Date of Graduation

12-2021

Document Type

Dissertation

Degree Name

Doctor of Philosophy in Comparative Literature and Cultural Studies (PhD)

Degree Level

Graduate

Department

Comparative Literature and Cultural Studies

Advisor/Mentor

Frank M. Scheide

Committee Member

Lisa Ann Hinrichsen

Second Committee Member

Stephanie Schulte

Keywords

Bollywood, Cultural Studies, Feminist Film Criticism, Film studies, Mass Media, South Asian Studies, Women's Studies

Abstract

This study analyzes the controversial Bollywood convention “item number,” a vampy song with suggestive lyrics and hypersexualized imagery of dancing women, as a crucial cultural artefact reflecting the gender and sexual uneasiness in India. Sex avoidance is a common theme in Bollywood films and in the country, where media and people are heavily censored and policed by anti-Romeo squads under the Modi administration. The item girl breaks the sexual tension with a mega hit song and hook step that fuels the economy of dance and desire in India. While the song is completely unrelated to the narrative of the film, this blockbuster dance number is a key factor that drives audiences to the theaters. Despite the commercial value, and cultural heritage of the item song and item girl, scholars and film critics have failed to acknowledge their value and establish item songs as separate category, rather than absorbing it under the larger umbrella of Bollywood musicals. Using a triangulation method that looks at item songs as cultural texts themselves this study analyzes the cultural and national contexts in which those texts are produced, and the industry that produces them (including interviews with the producers themselves.) This study specifically creates a space for studying item songs as crucial cultural artifacts that produce an anti-social feminism meant to decolonize Western feminist film criticism that fetishizes Bollywood films, and subsequently item songs.

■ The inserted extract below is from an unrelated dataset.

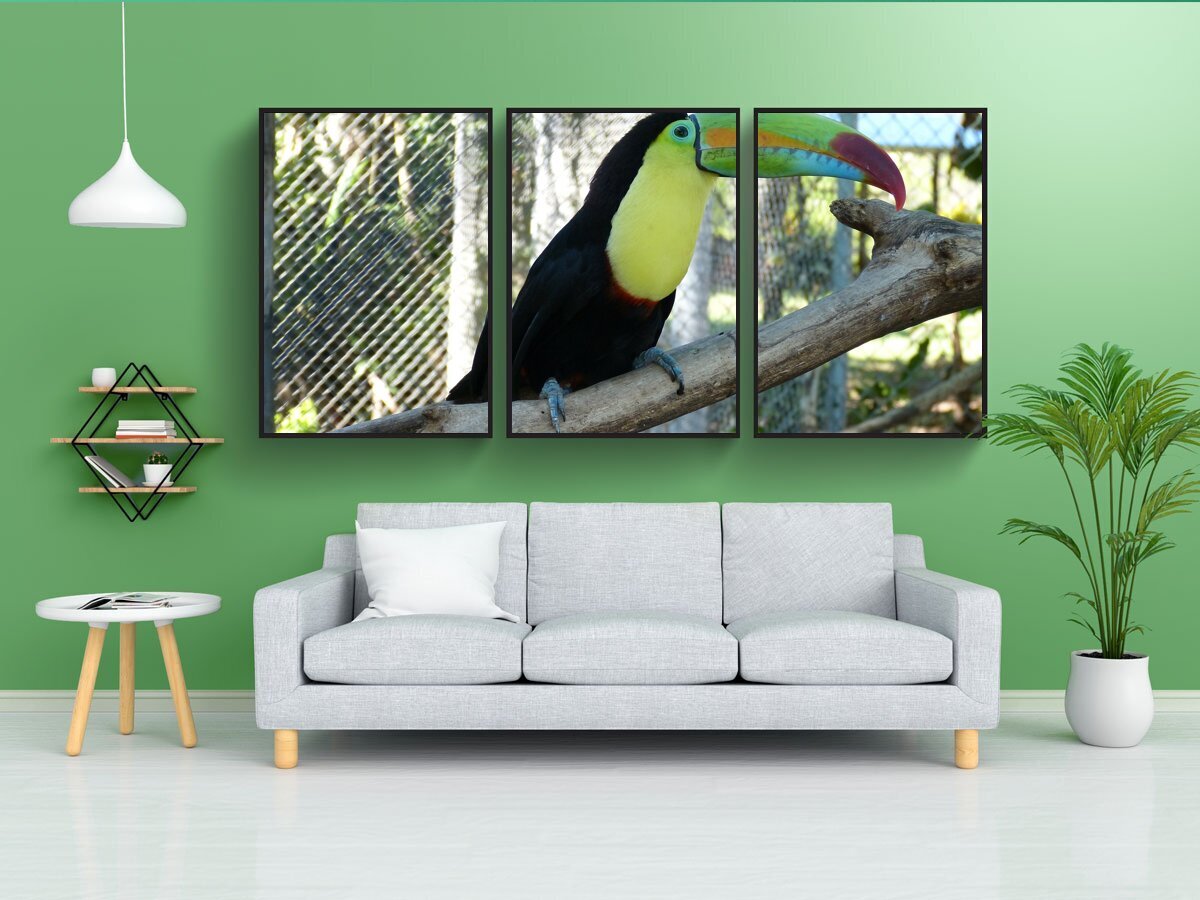 Модульное оригами из бумаги. Модульное оригами жар птица. Модульные птицы. Оригами орел. Оригами птица.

Through a critical feminist reading of item songs as cultural texts, I examine the subjectivity of the item girl and the “insider-outsider” politics of nepotism and representation of the Hindi film industry that treat the item girl as an outsider. By setting media representations against material living conditions of women in India, this project employs an eclectic study of Intersectional and Marxist feminism to understand compounded discriminations such as colorism and the feminization of labor faced by item song dancers, as well as the rise of the white item girl in corporatized Bollywood. This project argues that Bollywood uses the binaries of vamp vs. virgin to demarcate women, where the item girl/vamp emerges as an anti-heroine who practices the politics of refusal by being a shadow feminist and subsequently a cultural queer icon, who refuses to adhere to the Brahmanical, patriarchal construction of Indian femininity. To assert this claim, I traveled to Mumbai, the epicenter of Bollywood, to interview 15 industry insiders directly involved with the production of item songs, based on my networks and experience from the time I worked as an Assistant Director in Bollywood. Industry analysis revealed the cultural importance of the item girl as a key whistleblower in the #MeTooIndia movement despite being vilified as a scapegoat for the 2012 Delhi gang rape, both of which were key events for discourses on women’s representation in Indian media.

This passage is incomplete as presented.